Principle of the Barometer.-In the mercurial barometer the pressure of the atmosphere supports the column of mercury in the tube. The weight of the atmosphere counterbalances the weight of the mercury column, which rises as the atmospheric pressure increases and falls as it decreases. The height of the mercury column is therefore a true index of the pressure of the atmosphere at the surface of the earth, at the moment of taking the observation.

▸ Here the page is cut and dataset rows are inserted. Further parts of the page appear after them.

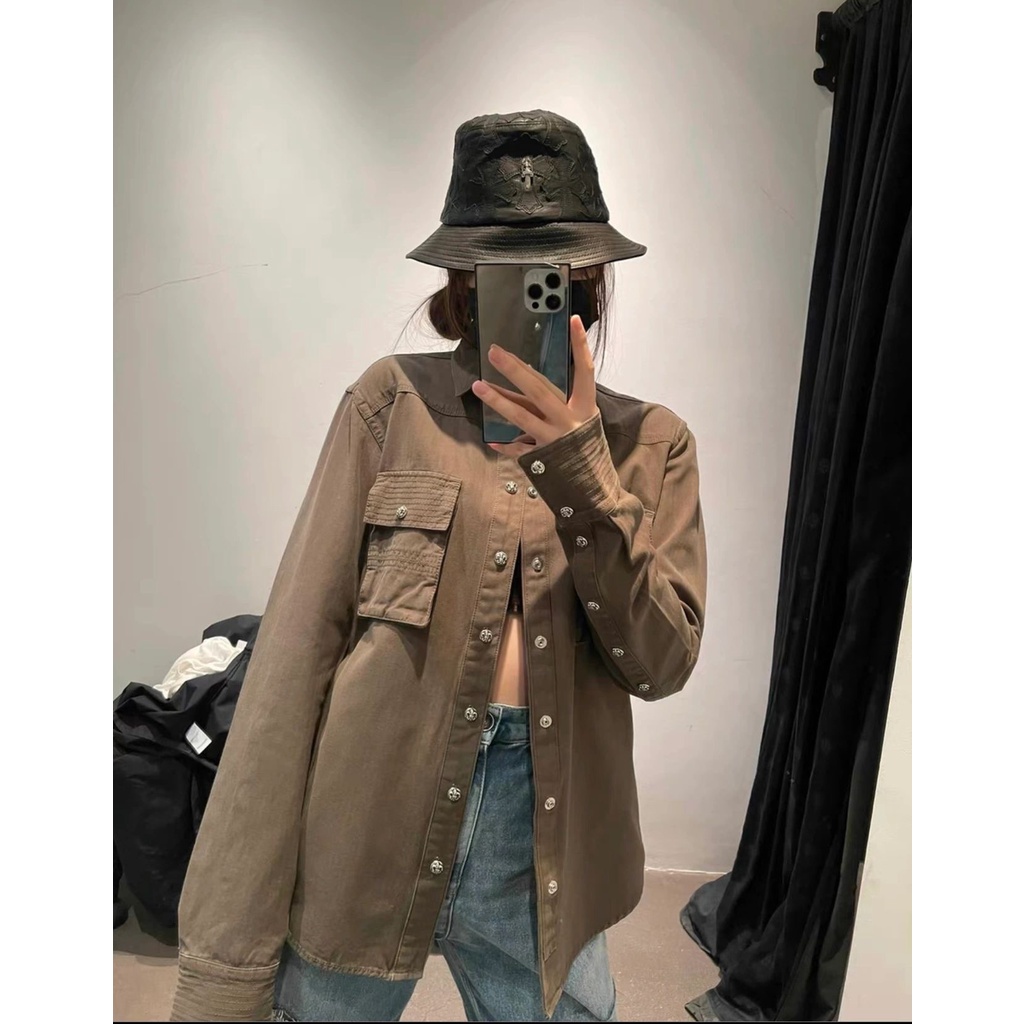 y8hm-chrome-hearts-2023-autumn-and-winter-new-ribbon-contrast-color-disc-shirt-womens-embroidered-logo-decorative-design-fashion-loose-coat-for-women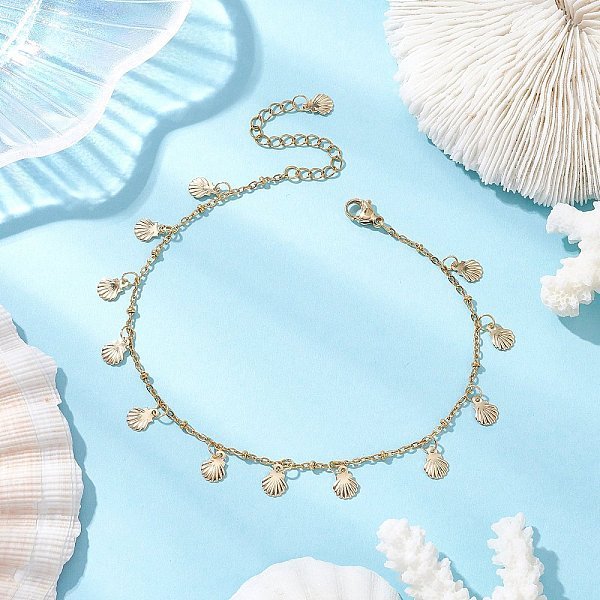 Tobilleras Con Dije De Concha De Acero Inoxidable 304 Para Mujer, Para Playa Y Verano, Dorado, 8-7/8 Pulgada (226 Mm)-image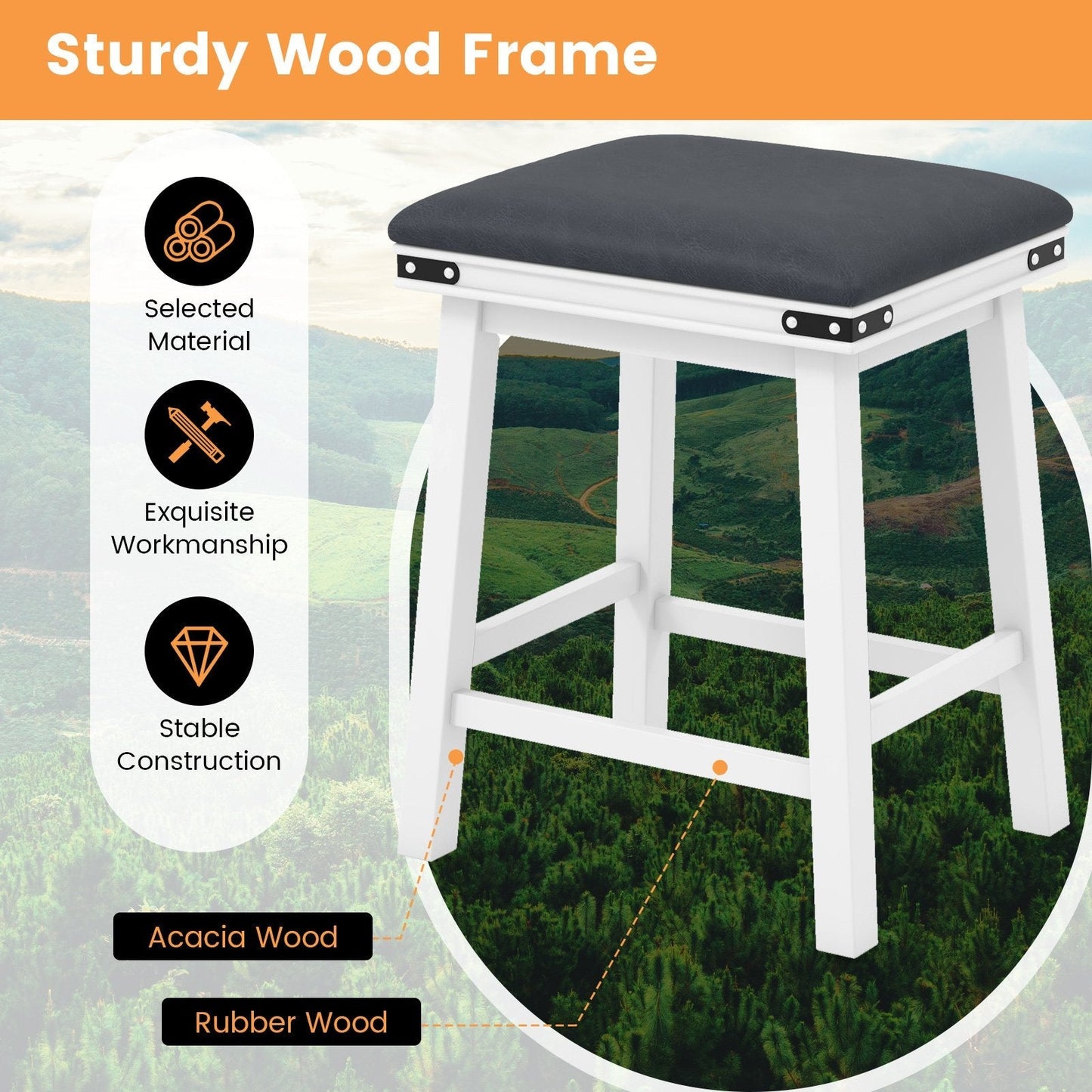 Upholstered Backless Bar Stools Set of 2 with PU Leather Padded Seat-White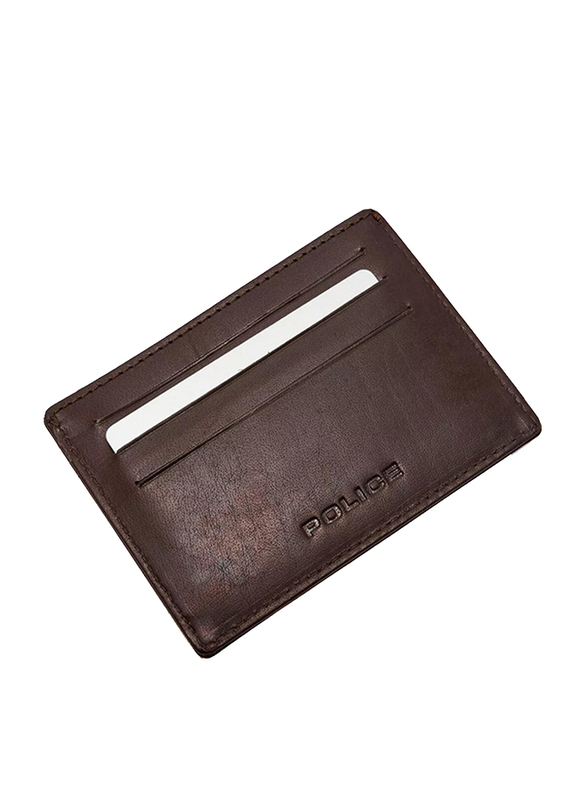 Police Carve Leather Card Case for Men, Brown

The principle of the balance pressure between the air and the mercury is clearly illustrated in Fig. 1, where a glass tube, closed at one end, is shown supported in a basin of mercury. The surface of the liquid in the basin is shown as divided into imaginary squares, by lines one inch apart; and the small arrow-heads represent the pressure of the atmosphere exerted on each square inch of surface.

FIG. 1.

Suppose for a moment, that the column of mercury in the tube is exactly one square inch in cross-section; it is evident, in that case, that the mercury column takes the place of the atmospheric pressure on one square inch of surface; and, since there is perfect equilibrium, its weight is equal to the pressure of the atmosphere per square inch.

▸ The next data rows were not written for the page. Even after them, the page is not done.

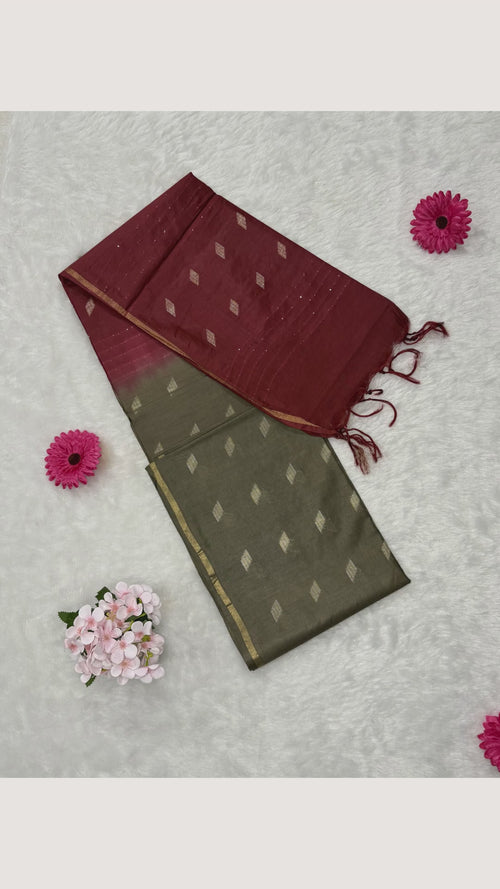 Bhagalpuri Handloom - Cotton - Brown Red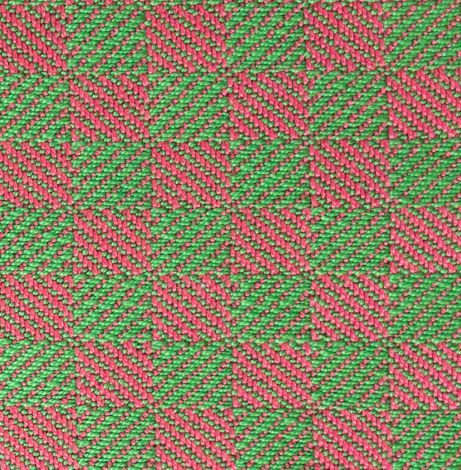 separating draft swatch - 1/3 vs. 3/1 twill blocks, green and magenta yarns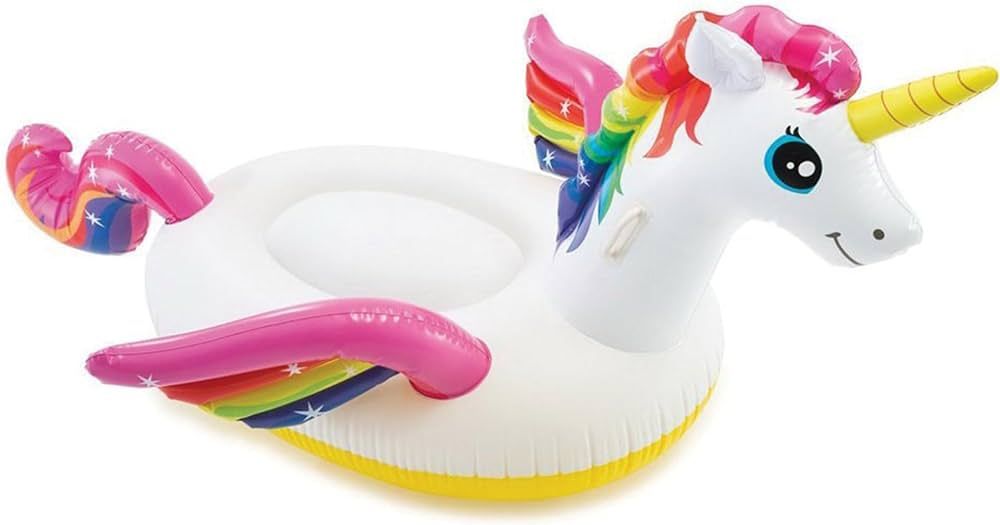 Intex Durable Premium Raft Grade Vinyl Unicorn Inflatable Ride On Pool Float with 2 Heavy Duty Ha... | Amazon (US)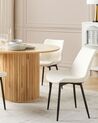 Set of 2 Boucle Dining Chairs White AVILLA_877480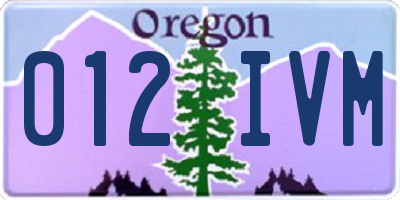 OR license plate 012IVM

Furthermore, whatever the sectional area of the mercury column, it is clear that its weight will always equal the atmospheric pressure for the same area of surface. Hence, the area of mercury column is not important, but its height only.

If the weight of one cubic inch of mercury (0.4911 lb.) be multiplied by the observed height of the column of mercury measured in inches, the product will be the pressure of the atmosphere, in pounds per square inch, at the place where the observation was taken. This assumes, that the barometric reading has been reduced to a standard reading, at a temperature of 32 deg. (Fahr.), which must be done when making accurate determinations.

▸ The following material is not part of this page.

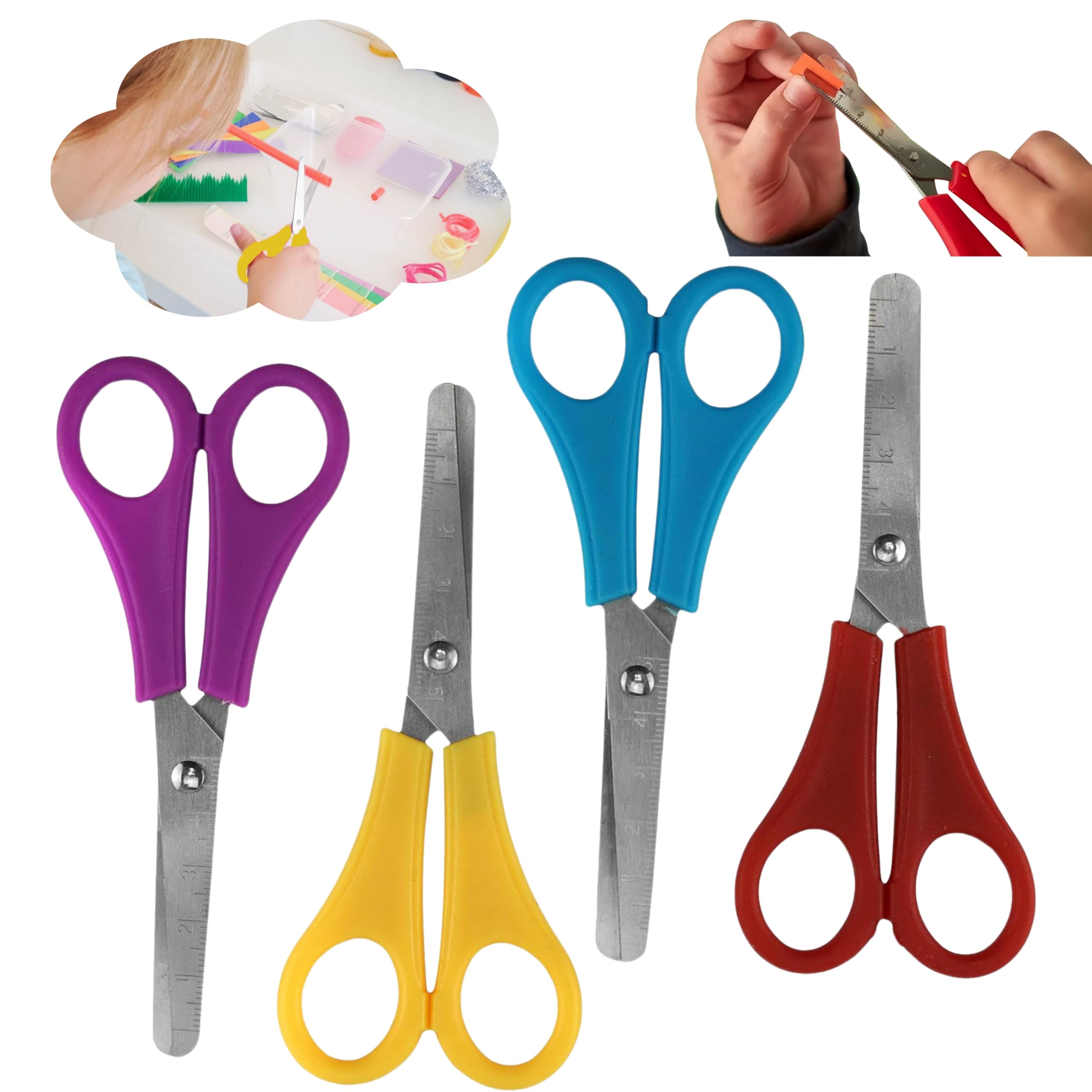 4PCS Kids Safety Scissors Set, 13cm Craft Scissors with 5cm Ruler Blade & Plastic Handles (Red, Blue, Yellow, Purple), Safe Rounded Tip for Home, School, DIY & Art Projects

Standard Barometric Readings.-Owing to the fact that the mercury in the tube expands and contracts more rapidly than the glass of the tube, the reading of the barometer will vary slightly for the same pressure, at different temperatures.

In comparing barometric readings taken at different times and at varying temperatures, it is necessary to carefully note the temperature when the reading was taken and reduce the observed reading to a so-called standard reading at 32 deg. F.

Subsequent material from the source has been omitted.